A vederla da vicino sembra una grande portaerei sulla terra ma smembrata, costituita da migliaia di elementi funzionalmente connessi tra loro, razionalmente progettati per produrre il massimo servizio, il massimo profitto, senza rendersi conto del massimo disordine visivo, dell’obsolescenza e del senso di abbandono che un tale ammasso di elementi funzionali produce, come impatto visivo, nella città vivente.
E’ il prodotto dell’immaginazione ingegneristica prona al capitalismo più sfrenato e indifferente alla storia e alla comunità che la ospita.

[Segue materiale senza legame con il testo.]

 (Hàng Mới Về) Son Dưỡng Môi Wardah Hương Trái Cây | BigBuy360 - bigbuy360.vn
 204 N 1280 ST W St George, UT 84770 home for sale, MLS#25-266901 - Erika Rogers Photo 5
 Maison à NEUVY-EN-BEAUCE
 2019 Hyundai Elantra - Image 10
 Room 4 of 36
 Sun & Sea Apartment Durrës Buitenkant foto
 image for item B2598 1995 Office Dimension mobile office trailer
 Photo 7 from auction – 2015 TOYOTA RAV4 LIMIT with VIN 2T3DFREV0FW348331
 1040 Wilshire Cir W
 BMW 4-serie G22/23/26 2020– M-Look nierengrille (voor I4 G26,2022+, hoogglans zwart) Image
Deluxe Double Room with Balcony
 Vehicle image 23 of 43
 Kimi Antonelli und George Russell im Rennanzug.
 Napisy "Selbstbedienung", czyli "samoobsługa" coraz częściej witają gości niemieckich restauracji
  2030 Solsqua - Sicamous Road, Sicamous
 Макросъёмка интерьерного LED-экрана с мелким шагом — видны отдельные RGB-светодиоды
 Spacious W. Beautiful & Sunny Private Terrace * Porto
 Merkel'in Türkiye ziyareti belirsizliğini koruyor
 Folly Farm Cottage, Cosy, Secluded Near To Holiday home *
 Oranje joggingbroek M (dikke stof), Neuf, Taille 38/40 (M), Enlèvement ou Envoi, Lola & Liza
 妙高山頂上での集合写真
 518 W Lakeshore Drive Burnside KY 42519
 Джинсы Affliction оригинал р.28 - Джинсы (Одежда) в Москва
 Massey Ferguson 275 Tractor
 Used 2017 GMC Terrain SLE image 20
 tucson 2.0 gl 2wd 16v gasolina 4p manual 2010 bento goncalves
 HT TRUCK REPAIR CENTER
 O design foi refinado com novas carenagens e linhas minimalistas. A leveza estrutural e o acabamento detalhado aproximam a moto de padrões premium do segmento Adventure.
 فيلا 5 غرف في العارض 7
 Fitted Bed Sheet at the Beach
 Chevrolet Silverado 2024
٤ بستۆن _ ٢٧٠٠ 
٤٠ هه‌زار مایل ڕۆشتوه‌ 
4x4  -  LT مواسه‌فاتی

Inoltre, alcuni anni fa, a completamento del già infelice prodotto urbano realizzato, fu concessionata, con tutte le autorizzazioni del caso, la costruzione di una torre altissima, si racconta che sia alta cento metri. La torre, anch’essa costruita in cemento armato gettato in opera e lasciata con il suo grigio naturale scabro a vista, è il risultato perfetto di un prodotto dell’ingegneria industriale e del pensiero dell’ingegneria dominante in provincia. Il dato alquanto anomalo è la sua altezza, fuori da ogni vincolo urbanistico. Sappiamo che nelle norme urbanistiche di qualsiasi piano regolatore vigente, nelle sue norme transitorie è sempre inserita una clausola che permette interventi speciali finalizzati alla costruzione di volumi speciali, come i grandi volumi tecnici per le Aziende, anzi per i Cavalieri del Cemento, giustificando probabili aumenti dei posti di lavoro, senza nessun veto, nessun percorso ad ostacoli, nessun ritardo amministrativo.
Loro possono costruire sempre e dovunque, e nel caso specifico, anche con norme speciali del P.R.G. che, giustificando ogni intervento in un modo amministrativamente impeccabile, non giustificano però il risultato architettonico urbano a poche centinaia di metri dal Castello Svevo-Normanno-Angioino, composto da una somma di elementi scomposti che creano, una poltiglia visiva di cemento, acciaio, vetro, tutti dimenticati da anni, forse dalla data della costruzione originaria e da allora rimasti fissi nel tempo, senza nessuna manutenzione ordinaria o straordinaria risultando oggi rotti, precari, frantumati, arrugginiti ma ormai, acquisiti dall’immaginario collettivo come architettura urbana ineluttabile realizzata con forme abbandonate dal tempo e dagli uomini.
Tutto ciò produce un’architettura urbana estrema, orrida, malsana, che corrode i principi dell’architettura di una città, che s’insinua nella mente delle generazioni future, convincendoli dell’idea che l’errore progettuale urbanistico e ingegneristico è norma. E’ l’estremo risultato dell’abbandono della qualità urbana e suburbana nutrita da edifici, funzioni, materiali e comportamenti che erodono e si contrappongono in modo stridente all’antica storia della città di Barletta e ai suoi valenti uomini nonché ai segni di una civiltà dimenticata dove ogni elemento era ed è un’ottima fusione della cultura del bello, della forma, della funzione della storia della città e del paesaggio urbano di cui ogni città è composta.